ASSIGNMENT: Drop every picture and copy exactly the lines from the one with "4th image of 803 11th St #1" through the last line of the listing below.

INFORMATION SHOWN:
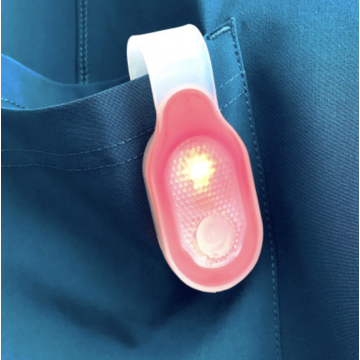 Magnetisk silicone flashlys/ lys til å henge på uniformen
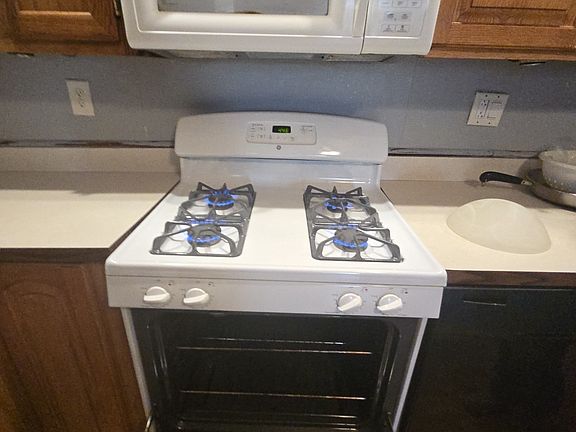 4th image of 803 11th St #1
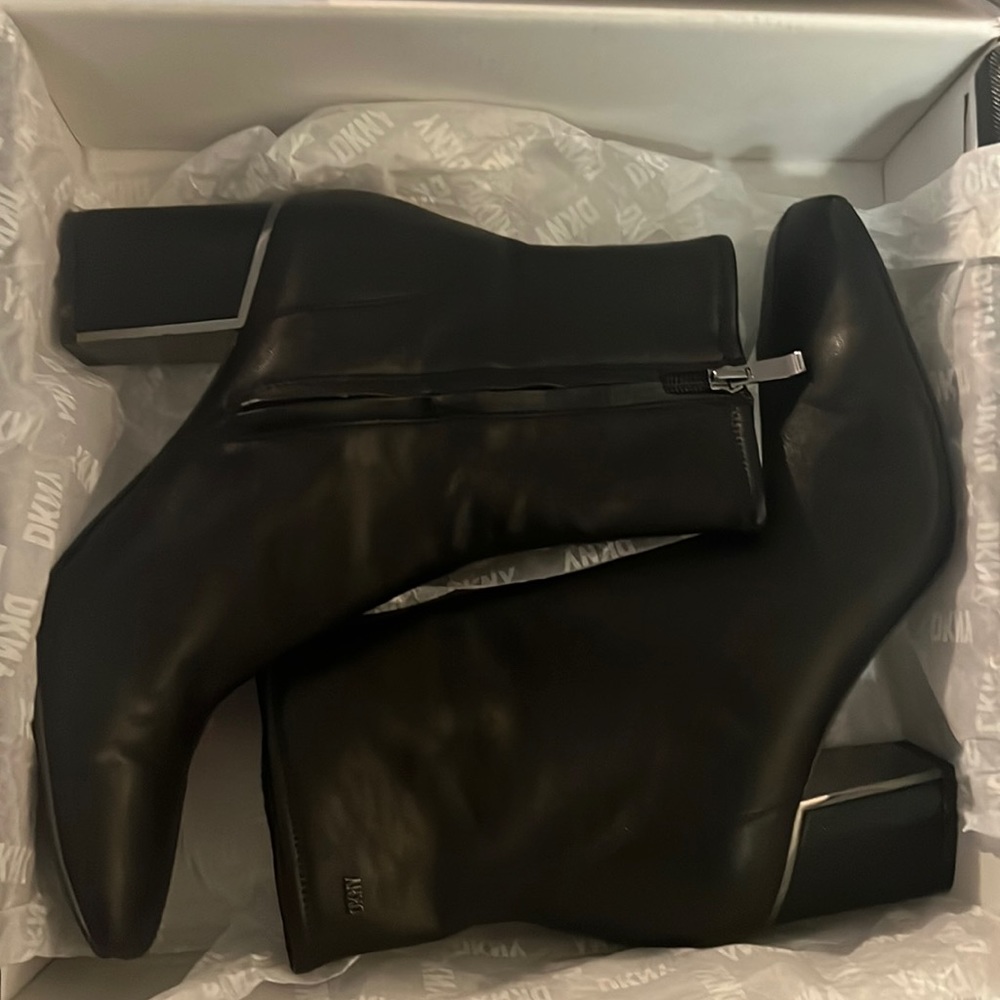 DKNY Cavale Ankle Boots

WRITTEN SOLUTION:
 4th image of 803 11th St #1
 DKNY Cavale Ankle Boots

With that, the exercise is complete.